(The problem)
Reproduce the records below exactly, but leave their pictures out of the copy.

(Data records)
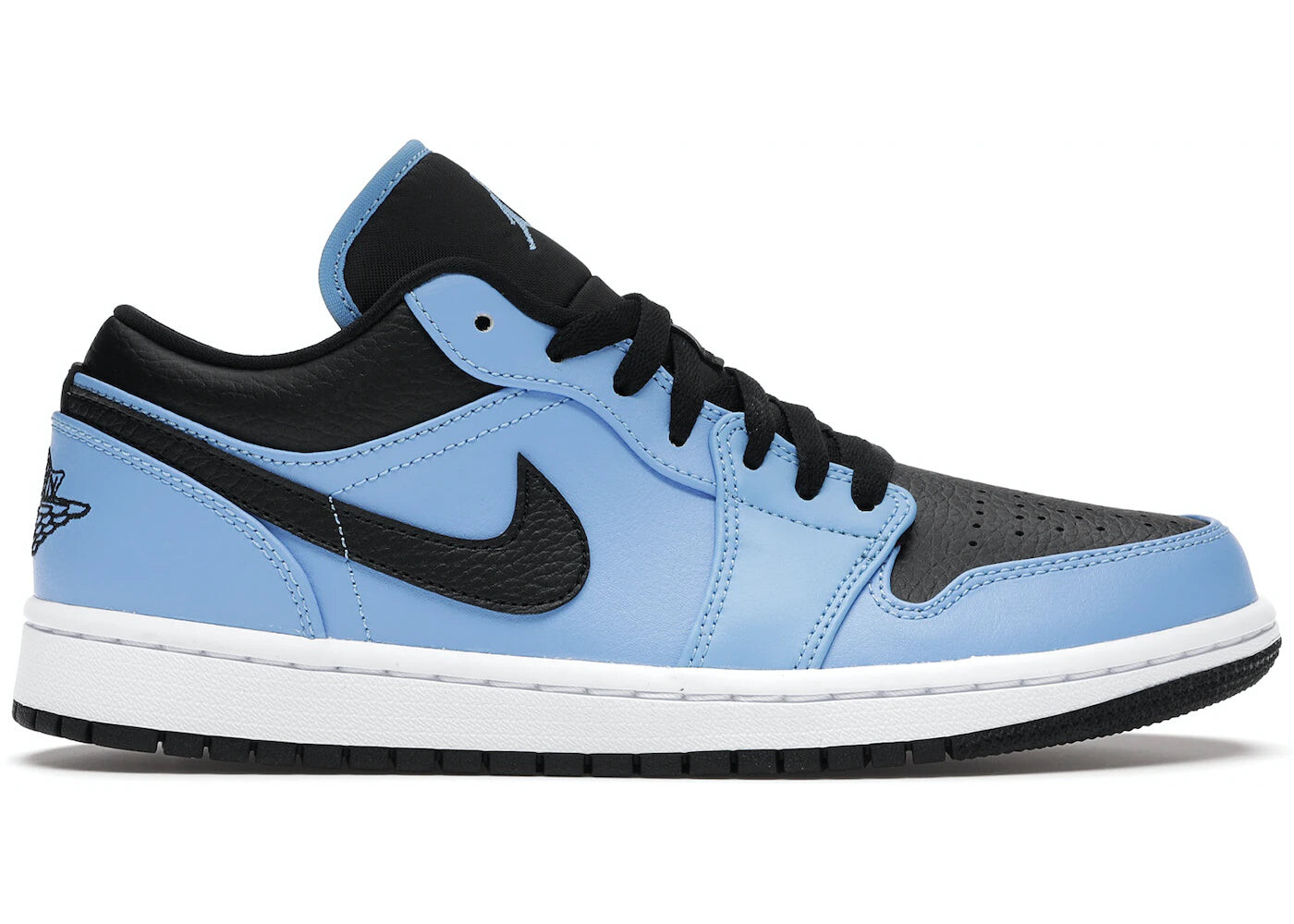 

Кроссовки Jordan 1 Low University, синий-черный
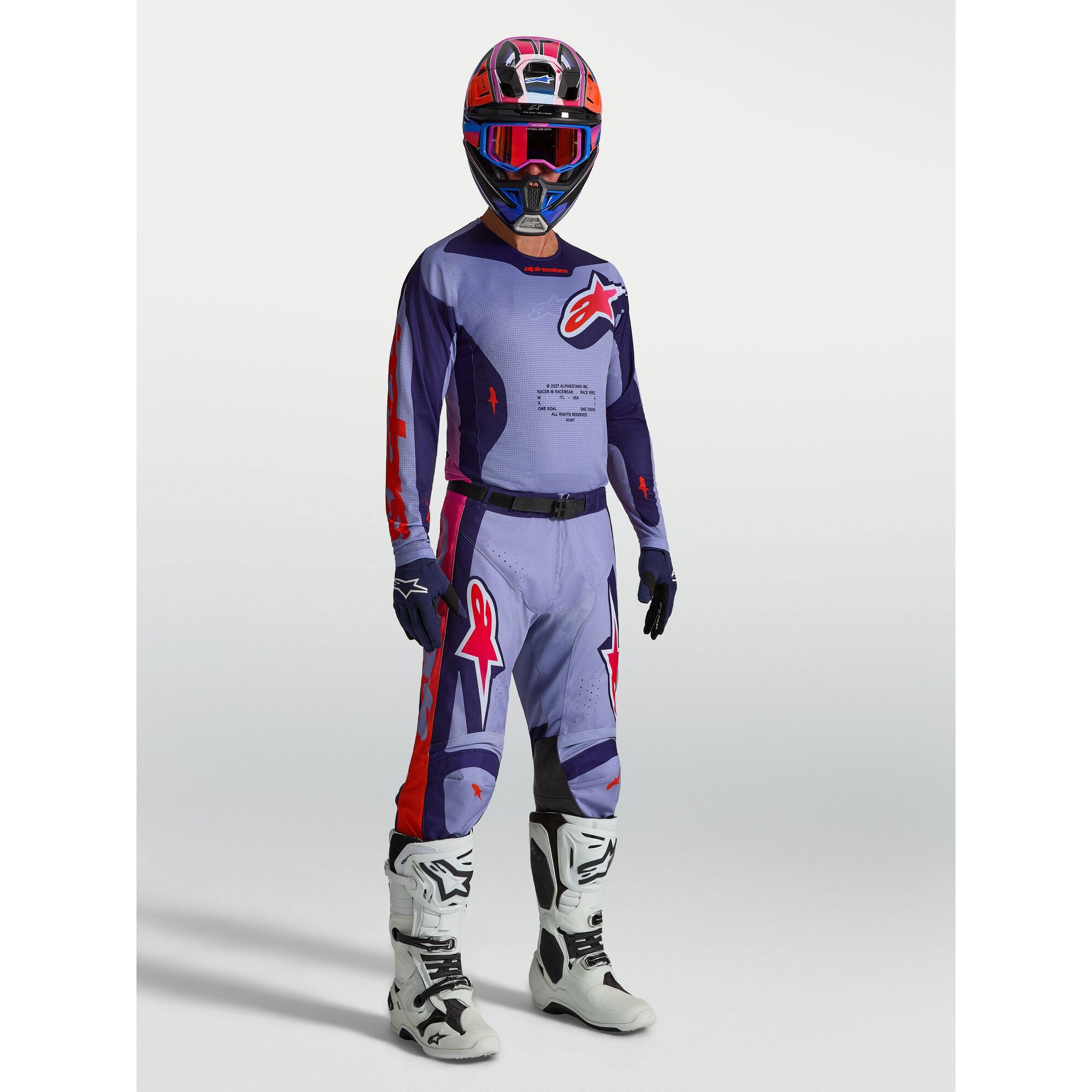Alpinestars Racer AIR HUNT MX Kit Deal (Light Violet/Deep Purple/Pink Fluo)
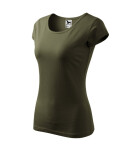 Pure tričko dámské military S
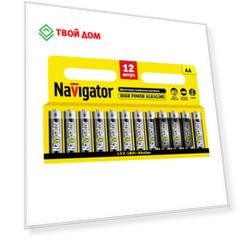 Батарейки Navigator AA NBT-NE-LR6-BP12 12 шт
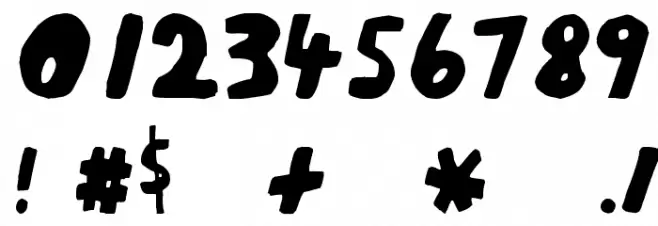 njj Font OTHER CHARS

(Reply to the exercise)
Кроссовки Jordan 1 Low University, синий-черный
Alpinestars Racer AIR HUNT MX Kit Deal (Light Violet/Deep Purple/Pink Fluo)
 Pure tričko dámské military S
 Батарейки Navigator AA NBT-NE-LR6-BP12 12 шт
 njj Font OTHER CHARS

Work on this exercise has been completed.